It is released under the Creative Commons License, so is free for you to use, here is a link of it in PDF format http://homepage.mac.com/s_lott/books/oodesign/build-python/latex/BuildingSkillsinOODesign.pdf
I think your problem boils down to the overall design of your classes. Sometimes, though very rarely, you need a whole lot of arguments to initialize, and most of the responses here have detailed other ways of initialization, but in a lot of cases you can break the class up into more easier to handle and less cumbersome classes.
This is similar to the other solutions that iterate through a default dictionary, but it uses a more compact notation:
class MyClass(object):
def __init__(self, **kwargs):
self.__dict__.update(dict(
arg1=123,
arg2=345,
arg3=678,
), **kwargs)
Can you give a more detailed use case ? Maybe a prototype pattern will work:
If there are some similarities in groups of objects, a prototype pattern might help.
Do you have a lot of cases where one population of neurons is just like another except different in some way ? ( i.e. rather than having a small number of discrete classes,
you have a large number of classes that slightly differ from each other. )
Python is a classed based language, but just as you can simulate class based
programming in a prototype based language like Javascript, you can simulate
prototypes by giving your class a CLONE method, that creates a new object and
populates its ivars from the parent. Write the clone method so that keyword parameters
passed to it override the "inherited" parameters, so you can call it with something
like:
new_neuron = old_neuron.clone( branching_length=n1, branching_randomness=r2 )
I have never had to deal with this situation, or this topic. Your description implies to me that you may find, as you develop the design, that there are a number of additional classes that will become relevant - compartment is the most obvious. If these do emerge as classes in their own right, it is probable that some of your parameters become parameters of these additional classes.

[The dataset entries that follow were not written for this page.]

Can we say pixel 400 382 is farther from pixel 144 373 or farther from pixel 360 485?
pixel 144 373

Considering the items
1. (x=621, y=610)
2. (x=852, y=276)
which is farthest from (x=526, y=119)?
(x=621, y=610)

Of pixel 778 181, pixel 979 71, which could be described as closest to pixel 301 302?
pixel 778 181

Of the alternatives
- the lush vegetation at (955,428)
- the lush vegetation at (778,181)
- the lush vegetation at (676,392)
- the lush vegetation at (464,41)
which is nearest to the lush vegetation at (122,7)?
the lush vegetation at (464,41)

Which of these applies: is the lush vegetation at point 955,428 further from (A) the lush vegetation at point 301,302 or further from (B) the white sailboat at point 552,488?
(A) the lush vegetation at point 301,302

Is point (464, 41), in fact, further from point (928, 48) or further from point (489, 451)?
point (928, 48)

You could create a class for your parameters.
Instead passing a bunch of parameters, you pass one class.
In my opinion, in your case the easy solution is to pass higher order objects as parameter.
For example, in your __init__ you have a DendriticTree that uses several arguments from your main class LayerV:
main_apical_dendrite = DendriticTree(
bifibs=apical_bifibs,
first_sec_L=apical_sec1_L,
L_sigma=L_sigma,
L_decrease_factor=ldecf,
first_sec_d=9,
branch_prob=apical_branch_prob
)
Instead of passing these 6 arguments to your LayerV you would pass the DendriticTree object directly (thus saving 5 arguments).

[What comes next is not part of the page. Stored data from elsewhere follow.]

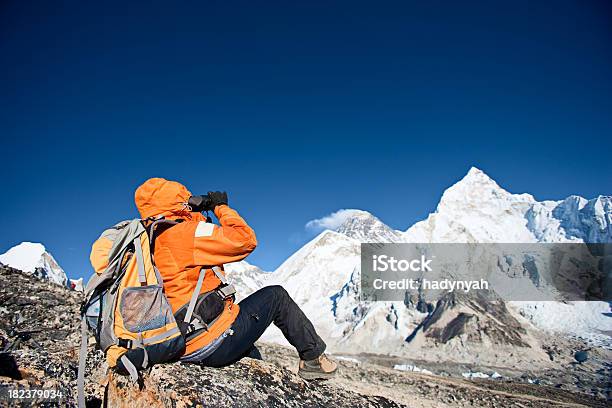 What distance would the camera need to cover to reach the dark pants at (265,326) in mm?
4309

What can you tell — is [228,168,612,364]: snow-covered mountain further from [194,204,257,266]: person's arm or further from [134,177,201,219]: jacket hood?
[134,177,201,219]: jacket hood

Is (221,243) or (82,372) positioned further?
(221,243)

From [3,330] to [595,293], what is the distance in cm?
16552

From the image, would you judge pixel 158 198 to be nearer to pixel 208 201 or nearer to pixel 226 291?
pixel 208 201

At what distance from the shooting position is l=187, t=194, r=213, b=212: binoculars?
14.1 ft

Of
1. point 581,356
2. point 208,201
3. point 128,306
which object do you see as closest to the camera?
point 128,306

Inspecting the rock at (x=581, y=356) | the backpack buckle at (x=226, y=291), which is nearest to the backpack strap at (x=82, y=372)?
the backpack buckle at (x=226, y=291)

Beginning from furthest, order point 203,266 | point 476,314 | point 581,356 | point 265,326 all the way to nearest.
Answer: point 476,314 → point 581,356 → point 265,326 → point 203,266

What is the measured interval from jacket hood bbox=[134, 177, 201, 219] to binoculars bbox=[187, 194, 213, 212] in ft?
0.40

You probably want to have this values accessible everywhere, therefore you will have to save this DendriticTree:
class LayerV(__Cell):
def __init__(self, main_apical_dendrite, ...):
self.main_apical_dendrite = main_apical_dendrite
If you want to have a default value too, you can have:
class LayerV(__Cell):
def __init__(self, main_apical_dendrite=None, ...):
self.main_apical_dendrite = main_apical_dendrite or DendriticTree()
This way you delegate what the default DendriticTree should be to the class dedicated to that matter instead of having this logic in the higher order class that LayerV.
Finally, when you need to access the apical_bifibs you used to pass to LayerV you just access it via self.main_apical_dendrite.bifibs.
In general, even if the class you are creating is not a clear composition of several classes, your goal is to find a logical way to split your parameters. Not only to make your code cleaner, but mostly to help people understand what these parameter will be used for. In the extreme cases where you can't split them, I think it's totally ok to have a class with that many parameters. If there is no clear way to split arguments, then you'll probably end up with something even less clear than a list of 15 arguments.
If you feel like creating a class to group parameters together is overkill, then you can simply use collections.namedtuple which can have default values as shown here.
Want to reiterate what a number of people have said. Theres nothing wrong with that amount of parameters. Especially when it comes to scientific computing/programming
Take for example, sklearn's KMeans++ clustering implementation which has 11 parameters you can init with. Like that, there are numerous examples and nothing wrong with them
I would say there is nothing wrong if make sure you need those params. If you really wanna make it more readable I would recommend following style.
I wouldn't say that a best practice or what, it just make others easily know what is necessary for this Object and what is option.
class LayerV(__Cell):
# author: {name, url} who made this info
def __init__(self, no_default_params, some_necessary_params):
self.necessary_param = some_necessary_params
self.no_default_param = no_default_params
self.something_else = "default"
self.some_option = "default"
def b_option(self, value):
self.some_option = value
return self
def b_else(self, value):
self.something_else = value
return self
I think the benefit for this style is:
You can easily know the params which is necessary in __init__ method
Unlike setter, you don't need two lines to construct the object if you need set an option value.
The disadvantage is, you created more methods in your class than before.
sample:
la = LayerV("no_default", "necessary").b_else("sample_else")
After all, if you have a lot of "necessary" and "no_default" params, always think about is this class(method) do too many things.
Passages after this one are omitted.